Of course the conservative defenders of the capitalist system have their cop-out that turns the tables on the left, they blame welfare programs for perpetuating black people in poverty. According to the cynical thinking of conservatives blacks and even human beings in general are naturally inclined to be lazy bums and if you provide them with welfare they’re never going to pull themselves up out of poverty to become productive citizens. And with this facile argument conservatives gloss over the reality of unemployment and discrimination that makes it difficult for many minorities and poor whites to choose being gainfully employed over being on the welfare rolls.
In fact it’s the economic realities of our system, and for black & Hispanics the reality of racism to boot, that place people in a position where they resort to welfare. In a system truly geared to employ everyone welfare would be an option that few would fall back on. I know this is hard to believe for staunch and skeptical conservatives but then when it comes to the truth of life under capitalism conservatives are about as realistic as Holocaust deniers!
No, the existence and conditions of the ghetto do not indict the people who live there as failures in life, they indict our society as a failure in terms of our highest values. They indict and help convict our society on the charge of harboring unfair class and race-based disparities.
Then of course there are the places we, as a society, transfer a sizable portion of the pesky population of the ghetto to, prison. The strikingly disproportionate representation of minorities in penal facilities speaks volumes about racial justice in our society.
Sadly it’s not hyperbole to say that prisons are the dehumanizing warehouses of the underclass and underdogs bred by our society’s deeply unjust socio-economic status quo.

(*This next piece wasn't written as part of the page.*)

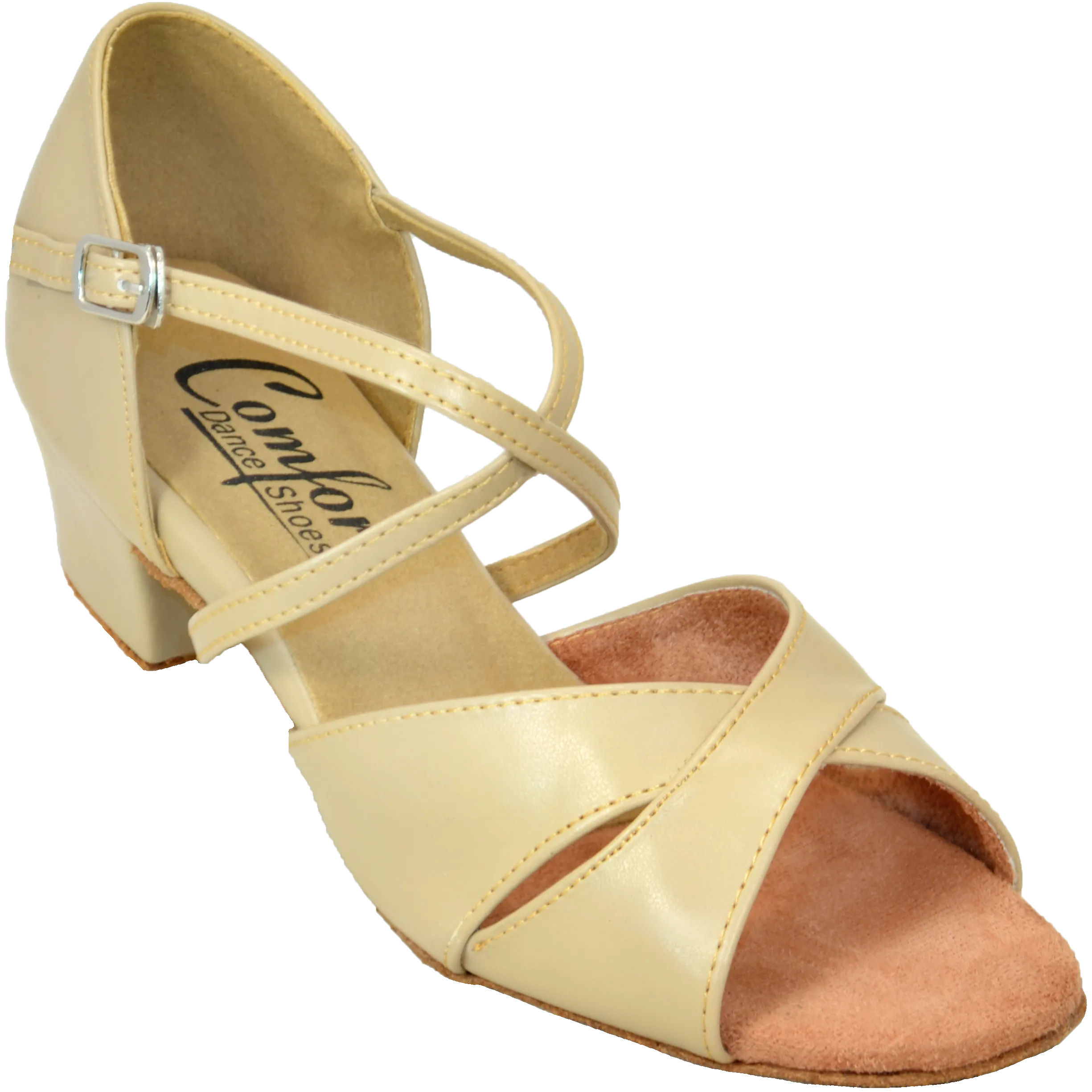 Comfort Wide Cross - Tan Leather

Our society’s prisons are how its haves who get something out of the capitalist system manage the have-nots who just receive the crumbs of capitalist prosperity. I.e., prisons are our concentration camps for those members of society who’ve been socialized to violence and crime by the negative environment in their communities that’s generated by the poverty imposed by the system. Capitalism subjects people to conditions that make them more likely to steal, deal drugs, or whatnot, and then it whisks them off to prison where they’re out of sight and mind, allowing us to continue in the pleasant illusion that ours is a socially functional society with just a few bad apples here and there.
Prisons allow our society to carry on without really addressing the underlying causes of crime and social dysfunction. Instead of taking a hard and honest look at factors such as inequality and racism we just lock up those who find that they can’t make it by “playing by the rules”, those people who are walking symptoms of the built-in unfairness of our system. In the 1800s we had reservations where aboriginal people were confined to languish (actually such places still exist, not all Indians are getting rich from casino money), today we use prisons as reservations for our black and economically distressed citizens when we can find an excuse.

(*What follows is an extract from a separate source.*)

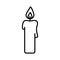 Isolated candle icon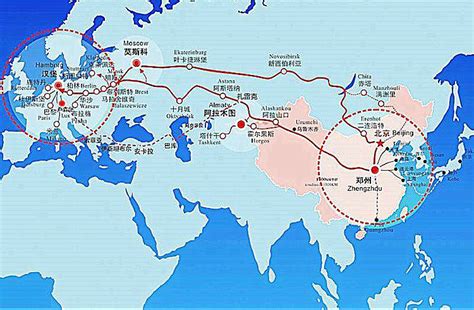 中欧铁路线路图高清,中欧班列高清线路图 - 伤感说说吧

If prisons are any indication at all of how progressive we are on issues of race and justice then we have a heck of a long way to go before we’re actually living in the kind of racially rosy society that some of us believe we already have.
Capitalism is unjust to its morally and spiritually rotten core, just as American society is still racist to its socially decaying bone. You can optimistically deny this if it makes you feel better about your society and about your own life, but when it comes to social justice those who choose to remain in denial choose to be a part of the problem, by default, rather than a heroic part of the solution.